EXERCISE BRIEF »
Copy nothing from the entries below except the lines from the one containing "290ml Sturzglas hoch" through the one containing "Merax Treadmill with", and copy those exactly.

GIVEN ENTRIES »
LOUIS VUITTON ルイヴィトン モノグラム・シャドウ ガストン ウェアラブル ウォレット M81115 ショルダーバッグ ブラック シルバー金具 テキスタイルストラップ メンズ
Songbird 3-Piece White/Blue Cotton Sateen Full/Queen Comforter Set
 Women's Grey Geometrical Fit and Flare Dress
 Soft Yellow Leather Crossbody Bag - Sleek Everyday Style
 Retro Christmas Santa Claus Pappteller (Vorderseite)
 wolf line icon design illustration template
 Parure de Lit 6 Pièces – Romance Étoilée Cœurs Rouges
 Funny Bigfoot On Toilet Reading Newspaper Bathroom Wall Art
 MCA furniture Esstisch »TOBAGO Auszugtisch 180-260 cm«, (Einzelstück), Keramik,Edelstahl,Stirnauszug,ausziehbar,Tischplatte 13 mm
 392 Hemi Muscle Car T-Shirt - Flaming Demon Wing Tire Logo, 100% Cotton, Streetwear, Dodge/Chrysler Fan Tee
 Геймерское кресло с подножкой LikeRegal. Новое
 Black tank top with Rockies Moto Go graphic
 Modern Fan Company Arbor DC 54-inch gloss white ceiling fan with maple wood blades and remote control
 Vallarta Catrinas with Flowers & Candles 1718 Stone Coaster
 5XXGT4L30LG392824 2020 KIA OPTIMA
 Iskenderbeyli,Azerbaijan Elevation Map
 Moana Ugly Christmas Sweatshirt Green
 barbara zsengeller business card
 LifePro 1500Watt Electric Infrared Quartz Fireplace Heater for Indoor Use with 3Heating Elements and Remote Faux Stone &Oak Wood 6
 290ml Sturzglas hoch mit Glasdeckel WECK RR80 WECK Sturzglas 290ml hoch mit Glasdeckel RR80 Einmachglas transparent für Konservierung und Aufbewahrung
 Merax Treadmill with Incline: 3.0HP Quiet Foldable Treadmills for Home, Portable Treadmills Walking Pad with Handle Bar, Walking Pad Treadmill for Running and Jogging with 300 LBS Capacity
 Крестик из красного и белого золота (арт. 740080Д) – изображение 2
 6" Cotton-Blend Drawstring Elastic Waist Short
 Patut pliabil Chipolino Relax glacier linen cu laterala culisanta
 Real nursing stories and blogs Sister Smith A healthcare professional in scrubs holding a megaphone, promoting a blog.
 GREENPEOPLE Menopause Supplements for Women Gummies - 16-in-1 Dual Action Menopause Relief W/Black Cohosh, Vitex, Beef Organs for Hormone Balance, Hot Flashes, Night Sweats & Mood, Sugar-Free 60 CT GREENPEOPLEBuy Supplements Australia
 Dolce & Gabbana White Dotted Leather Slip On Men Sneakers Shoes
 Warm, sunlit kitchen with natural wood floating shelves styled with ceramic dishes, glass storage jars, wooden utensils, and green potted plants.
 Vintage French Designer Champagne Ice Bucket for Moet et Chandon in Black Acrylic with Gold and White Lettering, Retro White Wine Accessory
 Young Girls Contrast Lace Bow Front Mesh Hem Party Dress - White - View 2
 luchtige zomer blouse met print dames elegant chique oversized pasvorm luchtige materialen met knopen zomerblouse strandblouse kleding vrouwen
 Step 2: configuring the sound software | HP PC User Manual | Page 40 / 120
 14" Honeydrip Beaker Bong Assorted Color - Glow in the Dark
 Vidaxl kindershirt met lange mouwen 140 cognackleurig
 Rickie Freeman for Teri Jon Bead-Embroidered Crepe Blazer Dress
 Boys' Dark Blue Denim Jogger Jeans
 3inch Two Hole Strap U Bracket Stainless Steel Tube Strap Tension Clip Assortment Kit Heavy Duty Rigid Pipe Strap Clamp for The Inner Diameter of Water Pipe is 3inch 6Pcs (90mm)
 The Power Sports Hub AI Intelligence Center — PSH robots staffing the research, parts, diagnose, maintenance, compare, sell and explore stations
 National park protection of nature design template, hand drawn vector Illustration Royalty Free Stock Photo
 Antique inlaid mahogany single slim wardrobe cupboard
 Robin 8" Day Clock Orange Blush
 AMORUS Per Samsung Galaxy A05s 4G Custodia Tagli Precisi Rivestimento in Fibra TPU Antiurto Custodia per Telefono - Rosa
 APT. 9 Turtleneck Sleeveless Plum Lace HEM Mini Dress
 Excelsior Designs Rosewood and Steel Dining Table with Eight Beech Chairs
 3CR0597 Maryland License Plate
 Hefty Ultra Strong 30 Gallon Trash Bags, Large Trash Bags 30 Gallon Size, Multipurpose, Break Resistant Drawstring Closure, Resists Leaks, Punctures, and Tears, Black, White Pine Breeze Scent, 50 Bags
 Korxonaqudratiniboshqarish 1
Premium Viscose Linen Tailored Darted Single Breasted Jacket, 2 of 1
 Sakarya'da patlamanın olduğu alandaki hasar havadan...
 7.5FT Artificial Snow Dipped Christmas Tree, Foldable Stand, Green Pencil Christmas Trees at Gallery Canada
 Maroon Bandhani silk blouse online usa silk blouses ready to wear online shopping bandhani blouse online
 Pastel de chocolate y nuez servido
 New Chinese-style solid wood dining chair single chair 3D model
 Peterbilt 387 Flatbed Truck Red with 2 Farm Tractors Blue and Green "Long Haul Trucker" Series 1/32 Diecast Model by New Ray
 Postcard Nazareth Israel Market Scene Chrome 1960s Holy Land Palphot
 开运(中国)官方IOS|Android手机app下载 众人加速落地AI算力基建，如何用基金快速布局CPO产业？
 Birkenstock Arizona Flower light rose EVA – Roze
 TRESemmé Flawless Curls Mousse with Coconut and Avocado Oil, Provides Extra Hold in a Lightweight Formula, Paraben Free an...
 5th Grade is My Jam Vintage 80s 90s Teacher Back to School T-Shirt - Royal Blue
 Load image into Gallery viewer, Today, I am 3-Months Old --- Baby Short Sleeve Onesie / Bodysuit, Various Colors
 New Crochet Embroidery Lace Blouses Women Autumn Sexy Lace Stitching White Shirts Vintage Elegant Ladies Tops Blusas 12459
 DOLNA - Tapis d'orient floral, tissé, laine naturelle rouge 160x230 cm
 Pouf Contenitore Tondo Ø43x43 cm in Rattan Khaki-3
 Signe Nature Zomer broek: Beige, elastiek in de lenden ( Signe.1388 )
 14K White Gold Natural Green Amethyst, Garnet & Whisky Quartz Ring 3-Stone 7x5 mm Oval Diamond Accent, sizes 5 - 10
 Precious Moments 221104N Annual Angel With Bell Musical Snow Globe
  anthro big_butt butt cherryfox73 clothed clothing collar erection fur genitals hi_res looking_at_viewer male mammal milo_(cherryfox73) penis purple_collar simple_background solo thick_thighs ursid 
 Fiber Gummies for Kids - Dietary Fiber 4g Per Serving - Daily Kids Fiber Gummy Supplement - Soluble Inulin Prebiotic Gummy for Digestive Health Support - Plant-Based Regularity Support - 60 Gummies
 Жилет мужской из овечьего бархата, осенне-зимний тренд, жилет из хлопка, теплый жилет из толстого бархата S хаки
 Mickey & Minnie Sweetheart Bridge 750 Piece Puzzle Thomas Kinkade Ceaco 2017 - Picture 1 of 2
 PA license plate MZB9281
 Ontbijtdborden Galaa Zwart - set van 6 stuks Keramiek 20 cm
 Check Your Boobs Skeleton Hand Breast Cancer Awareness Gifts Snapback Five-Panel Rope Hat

WORKED SOLUTION »
 290ml Sturzglas hoch mit Glasdeckel WECK RR80 WECK Sturzglas 290ml hoch mit Glasdeckel RR80 Einmachglas transparent für Konservierung und Aufbewahrung
 Merax Treadmill with Incline: 3.0HP Quiet Foldable Treadmills for Home, Portable Treadmills Walking Pad with Handle Bar, Walking Pad Treadmill for Running and Jogging with 300 LBS Capacity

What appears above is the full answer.